• WHAT YOU ARE ASKED TO DO: Copy out the lines of the records below, and only those lines, from the one with "DISEÑA TU AGENDA" through the one with "Hydraulic Hose - HOSE, SUCTION T64511", exactly as they appear.

• GIVEN ENTRIES:
/---
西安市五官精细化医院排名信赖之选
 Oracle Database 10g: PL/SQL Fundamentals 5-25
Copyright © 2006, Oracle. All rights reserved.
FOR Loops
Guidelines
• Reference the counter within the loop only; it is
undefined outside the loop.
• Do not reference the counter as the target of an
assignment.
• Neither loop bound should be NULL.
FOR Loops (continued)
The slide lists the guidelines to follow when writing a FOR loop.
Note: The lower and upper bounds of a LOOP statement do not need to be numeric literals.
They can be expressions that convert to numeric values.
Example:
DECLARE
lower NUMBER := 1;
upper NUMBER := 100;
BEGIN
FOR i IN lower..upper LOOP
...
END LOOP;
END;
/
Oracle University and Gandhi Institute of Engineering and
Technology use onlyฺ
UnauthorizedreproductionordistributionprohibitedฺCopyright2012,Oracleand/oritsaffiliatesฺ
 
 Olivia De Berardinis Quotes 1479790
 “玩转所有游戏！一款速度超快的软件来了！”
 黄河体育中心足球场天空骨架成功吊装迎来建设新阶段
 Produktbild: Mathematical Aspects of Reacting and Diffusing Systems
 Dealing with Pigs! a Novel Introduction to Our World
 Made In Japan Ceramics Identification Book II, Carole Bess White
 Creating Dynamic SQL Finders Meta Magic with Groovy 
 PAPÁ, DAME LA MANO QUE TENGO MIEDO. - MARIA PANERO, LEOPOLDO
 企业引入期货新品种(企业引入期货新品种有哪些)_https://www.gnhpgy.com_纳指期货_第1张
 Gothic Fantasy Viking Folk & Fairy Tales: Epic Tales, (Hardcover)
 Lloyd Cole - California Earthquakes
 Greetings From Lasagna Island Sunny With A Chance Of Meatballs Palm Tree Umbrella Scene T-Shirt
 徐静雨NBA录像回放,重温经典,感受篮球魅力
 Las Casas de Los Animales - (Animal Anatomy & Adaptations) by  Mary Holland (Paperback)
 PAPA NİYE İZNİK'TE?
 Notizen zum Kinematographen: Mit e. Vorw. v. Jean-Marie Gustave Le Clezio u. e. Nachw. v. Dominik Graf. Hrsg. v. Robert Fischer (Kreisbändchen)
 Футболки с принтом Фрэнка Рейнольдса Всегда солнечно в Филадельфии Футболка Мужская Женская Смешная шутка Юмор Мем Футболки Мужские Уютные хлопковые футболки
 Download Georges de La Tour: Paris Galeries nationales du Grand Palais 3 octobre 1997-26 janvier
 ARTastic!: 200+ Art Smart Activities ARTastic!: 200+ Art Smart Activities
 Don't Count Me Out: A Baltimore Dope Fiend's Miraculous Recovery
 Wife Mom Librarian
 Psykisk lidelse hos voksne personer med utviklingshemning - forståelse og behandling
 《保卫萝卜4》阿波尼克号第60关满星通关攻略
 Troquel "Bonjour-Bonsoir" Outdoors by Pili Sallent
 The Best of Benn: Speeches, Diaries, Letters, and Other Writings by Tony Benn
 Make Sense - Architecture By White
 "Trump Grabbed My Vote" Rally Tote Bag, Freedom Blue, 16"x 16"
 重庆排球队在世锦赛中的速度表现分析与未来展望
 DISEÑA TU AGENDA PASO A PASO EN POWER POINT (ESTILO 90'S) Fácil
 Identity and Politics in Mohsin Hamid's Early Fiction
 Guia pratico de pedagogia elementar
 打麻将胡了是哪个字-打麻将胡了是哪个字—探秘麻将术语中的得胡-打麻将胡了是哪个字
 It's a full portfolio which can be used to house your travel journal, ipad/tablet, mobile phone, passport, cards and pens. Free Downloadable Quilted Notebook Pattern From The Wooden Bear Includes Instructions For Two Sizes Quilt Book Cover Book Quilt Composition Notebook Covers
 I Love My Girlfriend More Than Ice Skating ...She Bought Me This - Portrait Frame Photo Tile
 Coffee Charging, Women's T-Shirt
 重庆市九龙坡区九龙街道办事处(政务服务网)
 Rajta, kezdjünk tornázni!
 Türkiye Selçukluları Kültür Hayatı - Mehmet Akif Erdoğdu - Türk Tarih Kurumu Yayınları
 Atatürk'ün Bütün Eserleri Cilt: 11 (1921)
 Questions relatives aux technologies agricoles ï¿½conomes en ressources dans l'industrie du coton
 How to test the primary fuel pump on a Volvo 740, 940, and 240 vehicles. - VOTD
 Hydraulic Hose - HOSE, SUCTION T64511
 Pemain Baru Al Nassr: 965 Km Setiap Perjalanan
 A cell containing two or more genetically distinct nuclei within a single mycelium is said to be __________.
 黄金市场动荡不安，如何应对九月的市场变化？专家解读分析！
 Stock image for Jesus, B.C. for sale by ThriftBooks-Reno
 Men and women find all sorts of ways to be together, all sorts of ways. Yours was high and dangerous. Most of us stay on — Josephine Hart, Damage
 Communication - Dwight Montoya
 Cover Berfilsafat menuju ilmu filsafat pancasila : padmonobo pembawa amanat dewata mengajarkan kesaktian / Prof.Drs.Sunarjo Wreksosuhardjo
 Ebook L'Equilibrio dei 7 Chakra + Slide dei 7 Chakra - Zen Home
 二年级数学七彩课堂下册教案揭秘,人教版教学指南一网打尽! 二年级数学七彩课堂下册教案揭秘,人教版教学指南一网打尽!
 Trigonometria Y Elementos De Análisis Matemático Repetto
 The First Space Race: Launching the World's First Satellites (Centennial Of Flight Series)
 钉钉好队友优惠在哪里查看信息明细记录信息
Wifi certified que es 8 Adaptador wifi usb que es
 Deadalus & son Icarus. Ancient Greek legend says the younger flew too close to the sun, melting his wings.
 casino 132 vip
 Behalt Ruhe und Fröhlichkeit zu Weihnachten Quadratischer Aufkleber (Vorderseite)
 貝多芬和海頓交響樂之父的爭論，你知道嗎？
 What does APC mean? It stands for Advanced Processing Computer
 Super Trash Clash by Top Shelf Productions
\---
• WRITTEN REPLY:
 DISEÑA TU AGENDA PASO A PASO EN POWER POINT (ESTILO 90'S) Fácil
 Identity and Politics in Mohsin Hamid's Early Fiction
 Guia pratico de pedagogia elementar
 打麻将胡了是哪个字-打麻将胡了是哪个字—探秘麻将术语中的得胡-打麻将胡了是哪个字
 It's a full portfolio which can be used to house your travel journal, ipad/tablet, mobile phone, passport, cards and pens. Free Downloadable Quilted Notebook Pattern From The Wooden Bear Includes Instructions For Two Sizes Quilt Book Cover Book Quilt Composition Notebook Covers
 I Love My Girlfriend More Than Ice Skating ...She Bought Me This - Portrait Frame Photo Tile
 Coffee Charging, Women's T-Shirt
 重庆市九龙坡区九龙街道办事处(政务服务网)
 Rajta, kezdjünk tornázni!
 Türkiye Selçukluları Kültür Hayatı - Mehmet Akif Erdoğdu - Türk Tarih Kurumu Yayınları
 Atatürk'ün Bütün Eserleri Cilt: 11 (1921)
 Questions relatives aux technologies agricoles ï¿½conomes en ressources dans l'industrie du coton
 How to test the primary fuel pump on a Volvo 740, 940, and 240 vehicles. - VOTD
 Hydraulic Hose - HOSE, SUCTION T64511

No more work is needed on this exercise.